§ About this exercise: The material below holds the lines to copy: from the one with "Copo com Tampa" up to and including the one with "Seamless Pattern. Tribal". Copy them exactly and skip the pictures.
══ Stored data
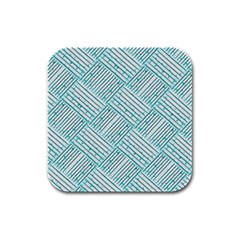Wood Texture Diagonal Pastel Blue Rubber Square Coaster (4 Pack) 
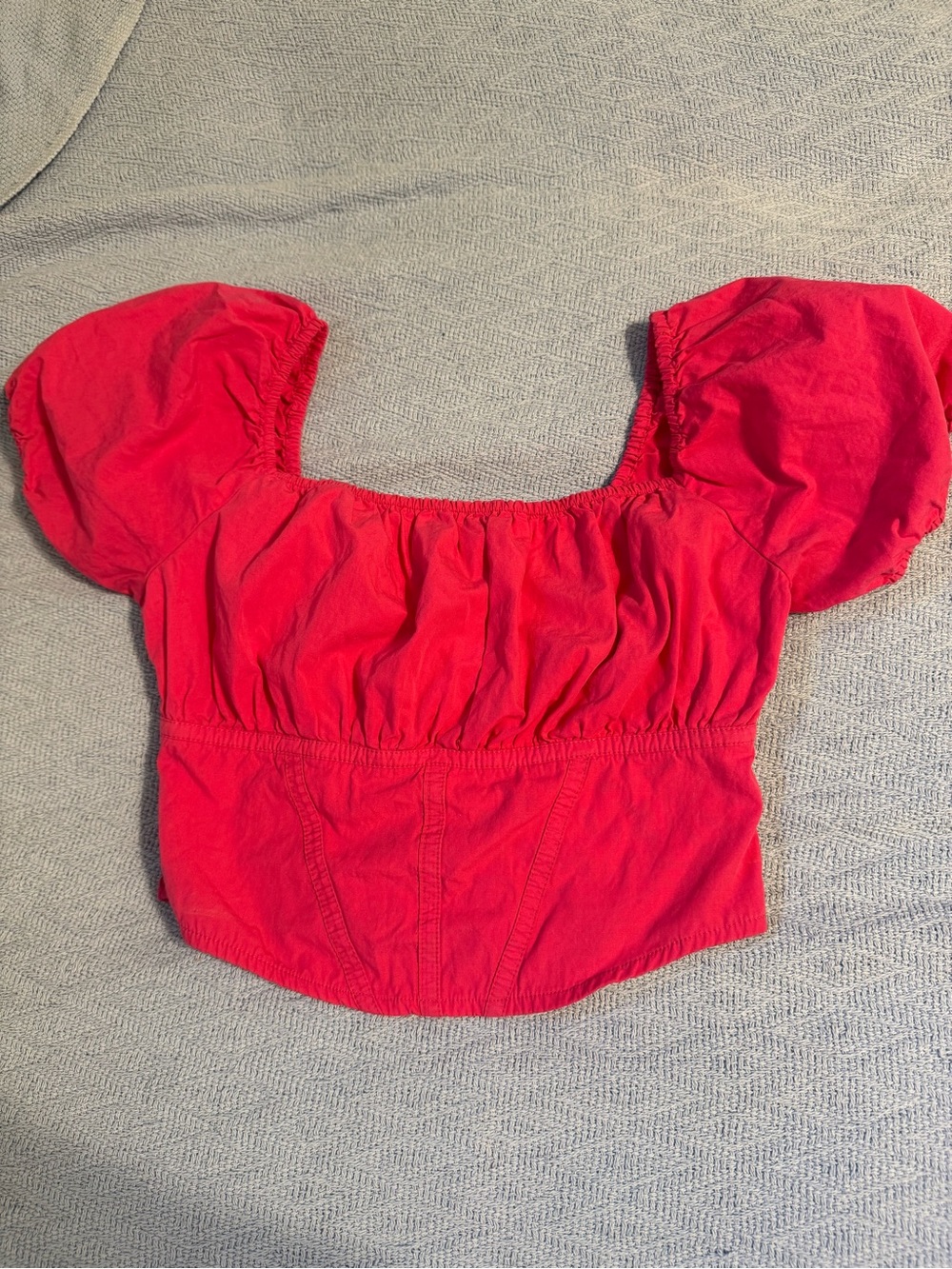 Japna Pink Puff-Sleeve Square-Neck Crop Top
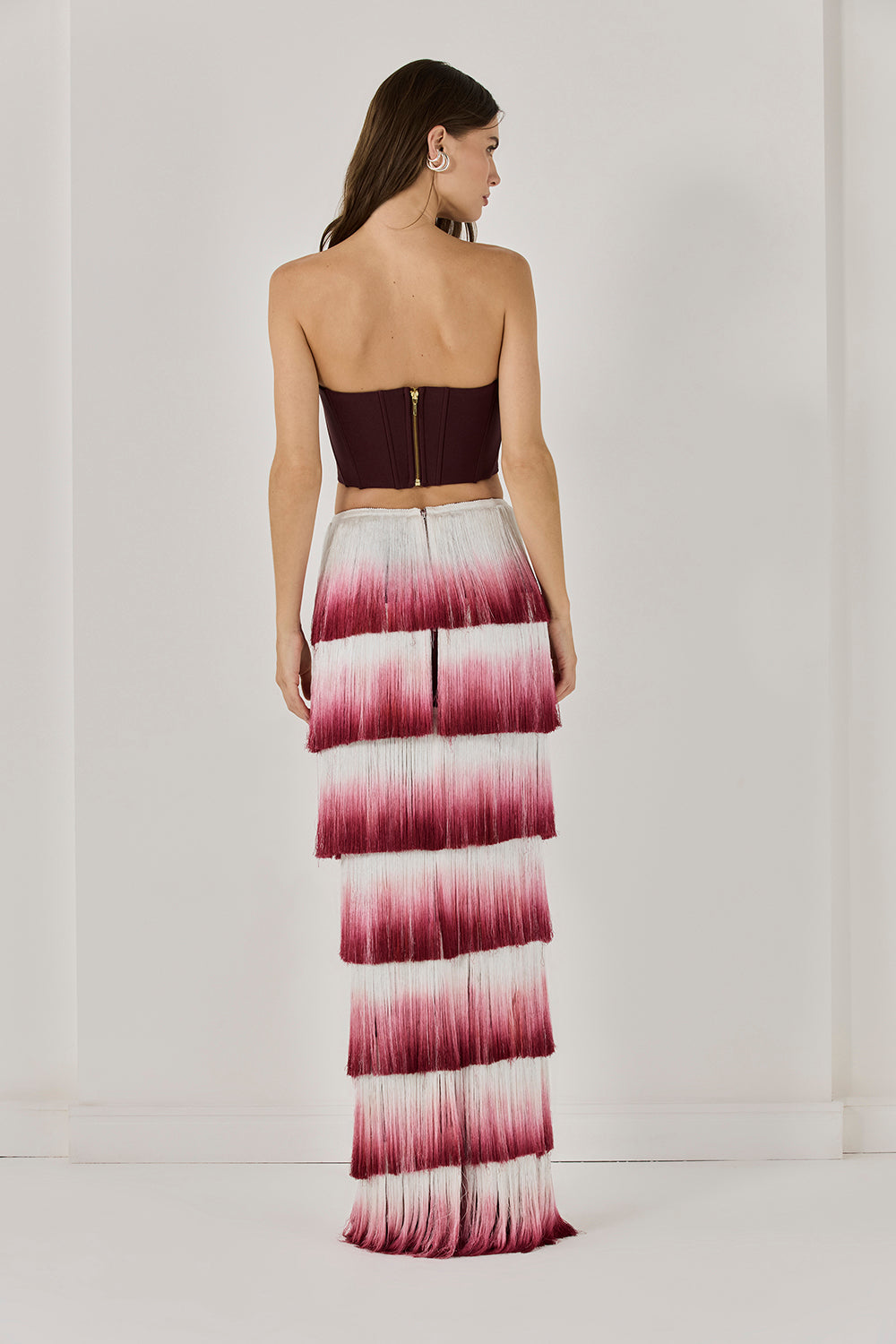 SAIA LONGA FRINGES VERMELHO ESCURO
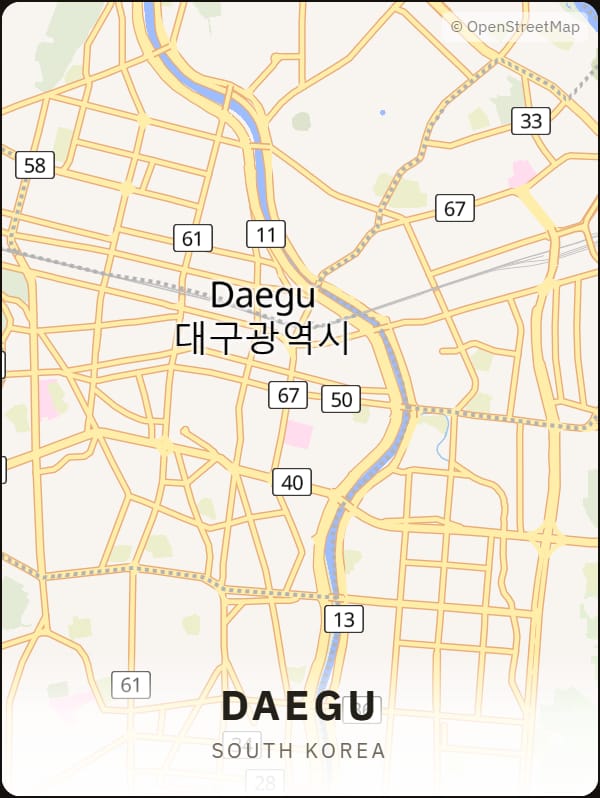 Daegu, South Korea street map poster
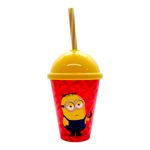 Copo com Tampa e Canudo - Minions Bravo e Tranquilo - 280ml - 1 unidade - Plasútil - Magazine 25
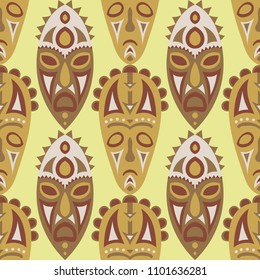 Seamless Pattern. Tribal Seamless Pattern with Color Masks for Print or Card. Ethnic Seamless Pattern with Color Trible Shamanic Masks for your Design. Vector Texture.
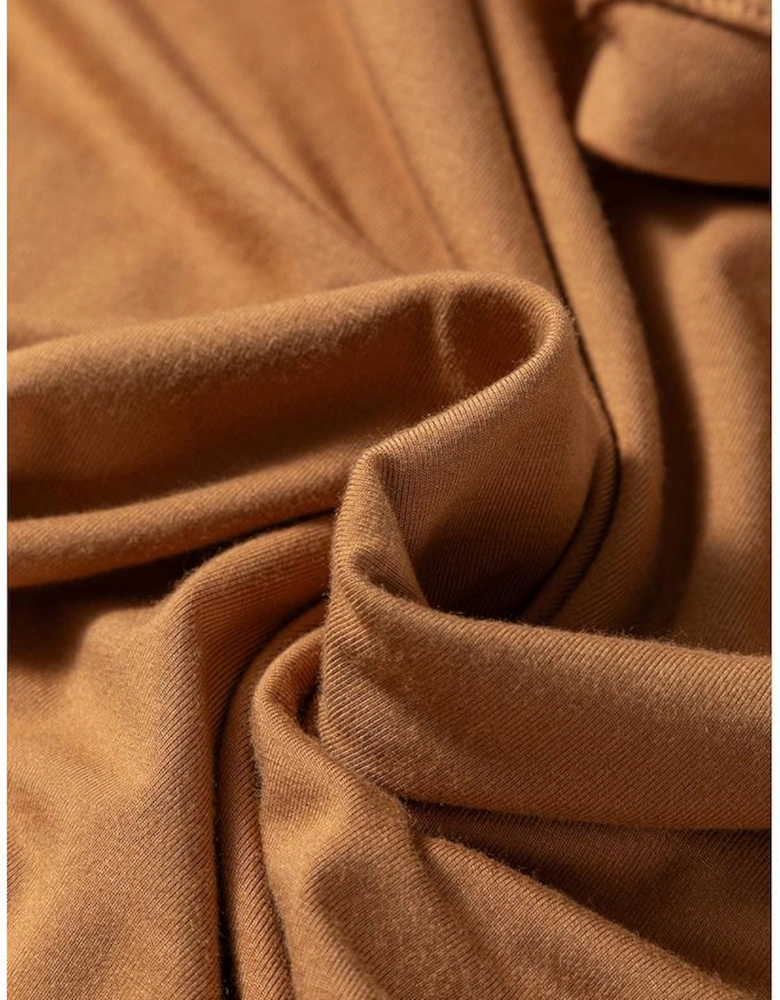 Chestnut Solid Color Long Sleeve Fitted Top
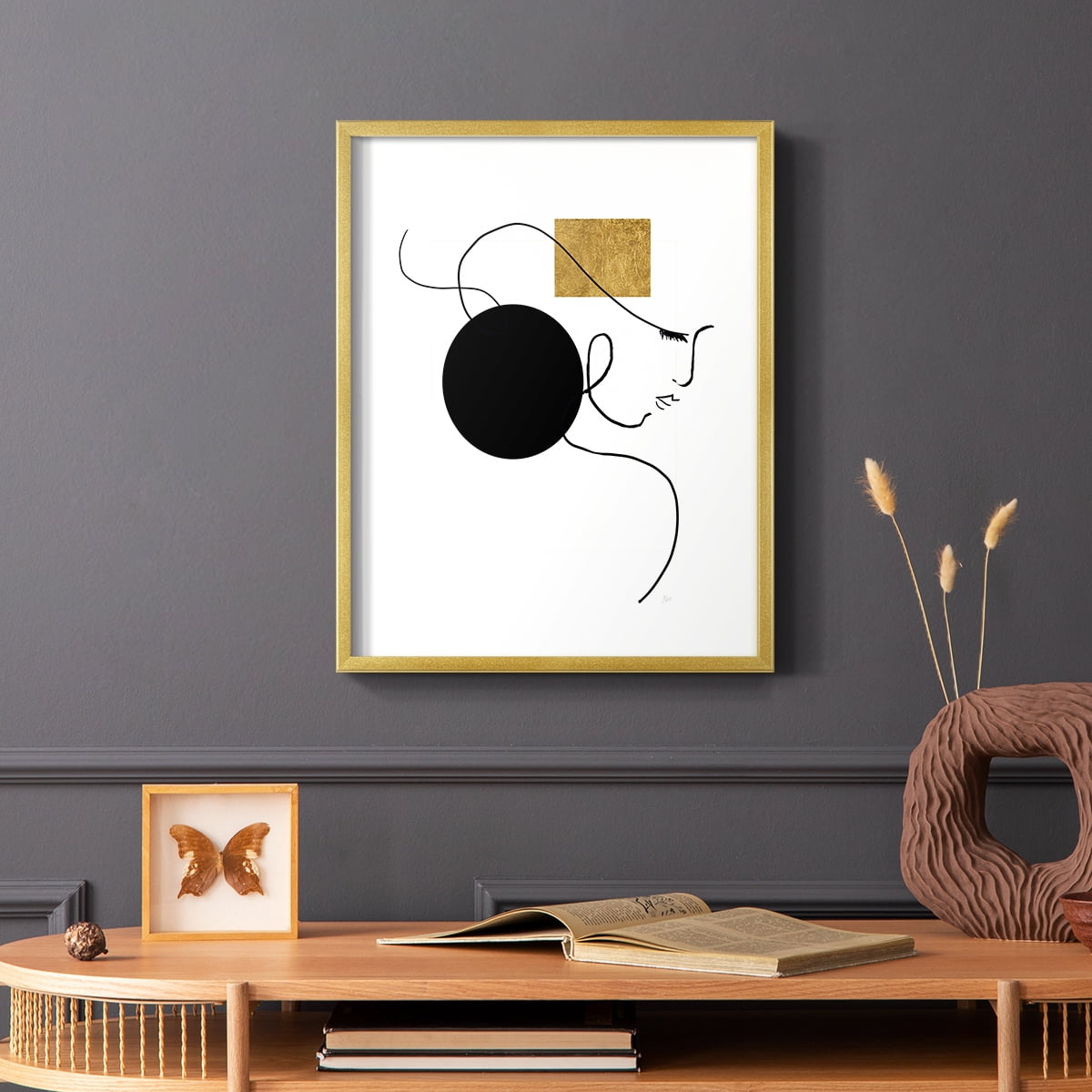 Shapes and Lines I in Gold Solid Wood 22 x 28 Framed Print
════
§ Result of the exercise:
 Copo com Tampa e Canudo - Minions Bravo e Tranquilo - 280ml - 1 unidade - Plasútil - Magazine 25
 Seamless Pattern. Tribal Seamless Pattern with Color Masks for Print or Card. Ethnic Seamless Pattern with Color Trible Shamanic Masks for your Design. Vector Texture.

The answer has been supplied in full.